--- EXERCISE REQUIREMENTS ---
Using the data below, transcribe exactly everything from the line that contains "Luxury Skeleton Automatic" down to the line that contains "Choice مشبكان كبيران". Include both of those lines and none of the pictures.

--- ENTRIES SUPPLIED ---
────
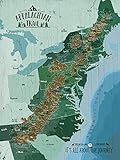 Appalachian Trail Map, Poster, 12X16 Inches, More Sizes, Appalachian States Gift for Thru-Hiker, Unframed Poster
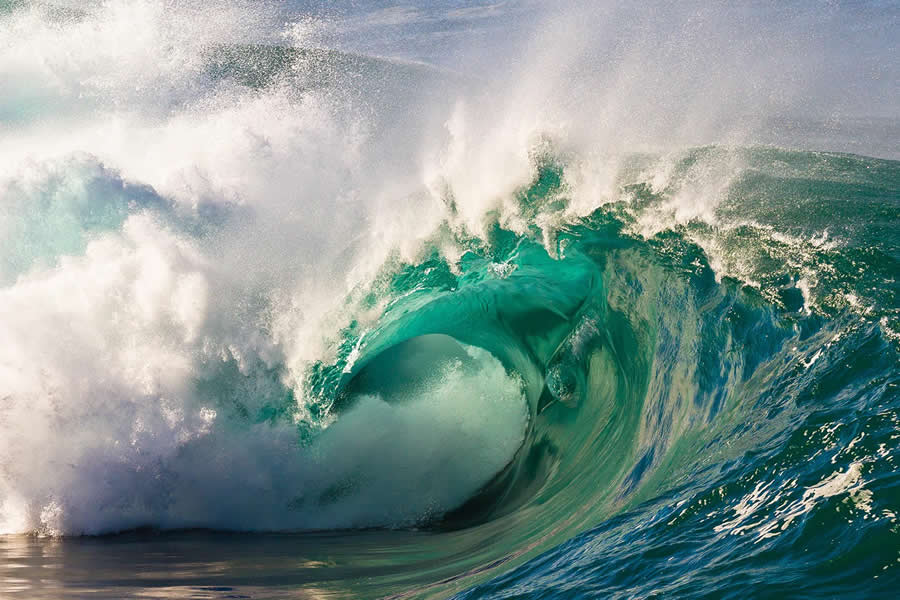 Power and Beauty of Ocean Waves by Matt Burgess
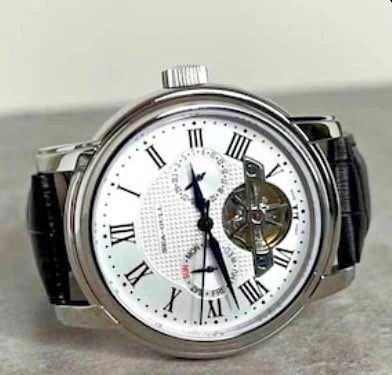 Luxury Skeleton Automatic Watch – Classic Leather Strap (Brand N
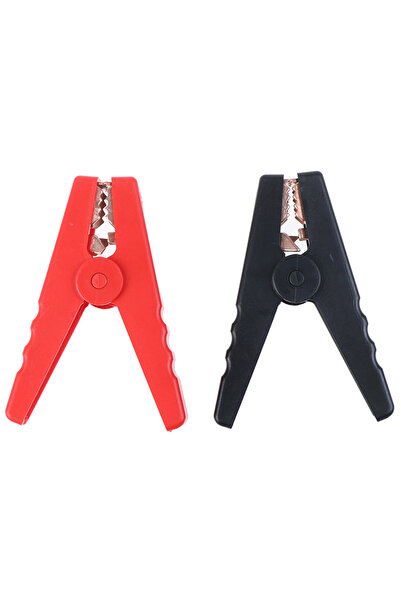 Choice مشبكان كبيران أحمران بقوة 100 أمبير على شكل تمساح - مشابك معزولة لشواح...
────
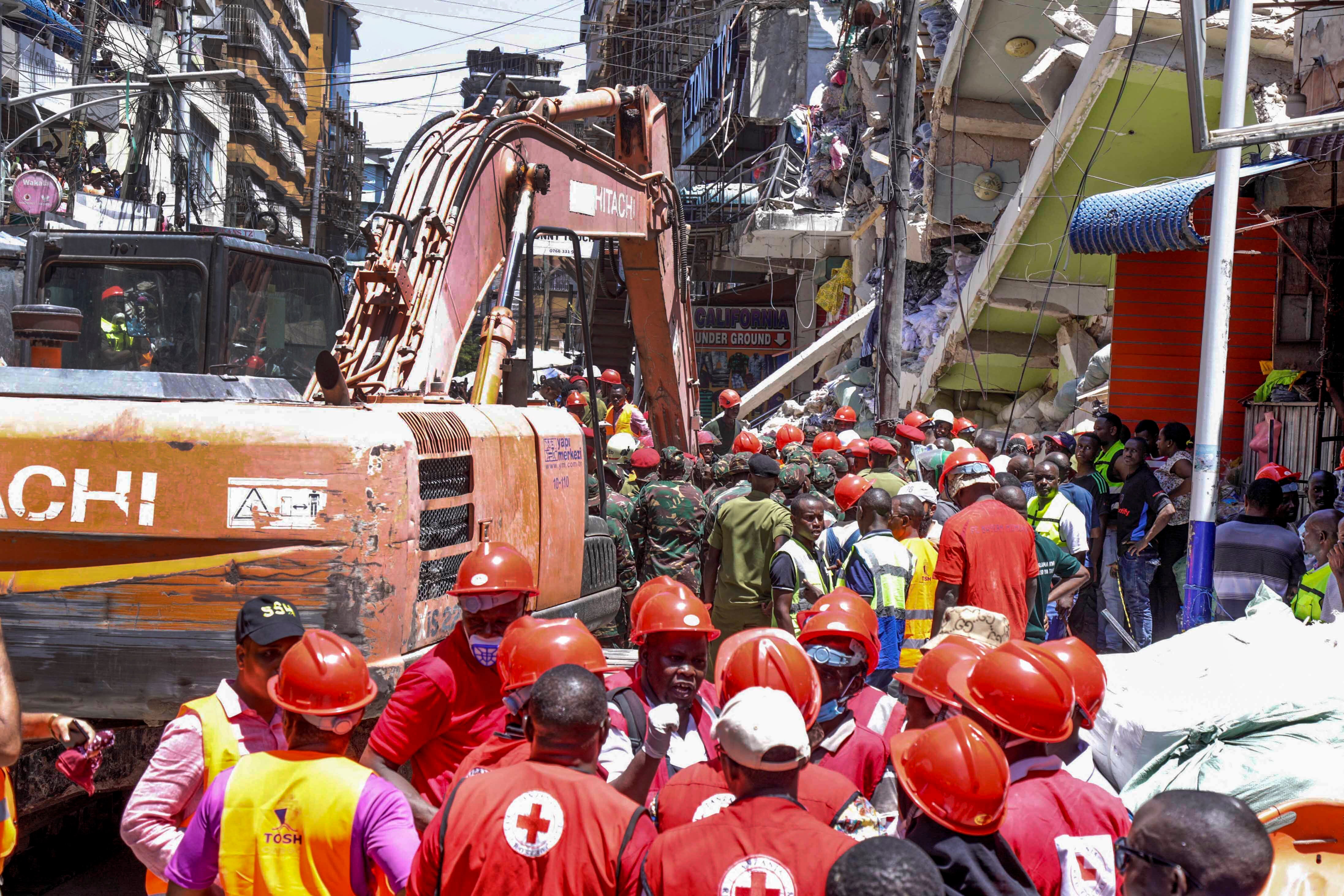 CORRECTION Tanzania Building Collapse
────
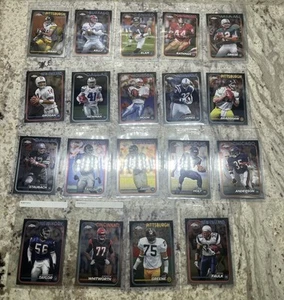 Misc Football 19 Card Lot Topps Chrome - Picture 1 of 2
────
--- EXERCISE RESPONSE ---
 Luxury Skeleton Automatic Watch – Classic Leather Strap (Brand N
 Choice مشبكان كبيران أحمران بقوة 100 أمبير على شكل تمساح - مشابك معزولة لشواح...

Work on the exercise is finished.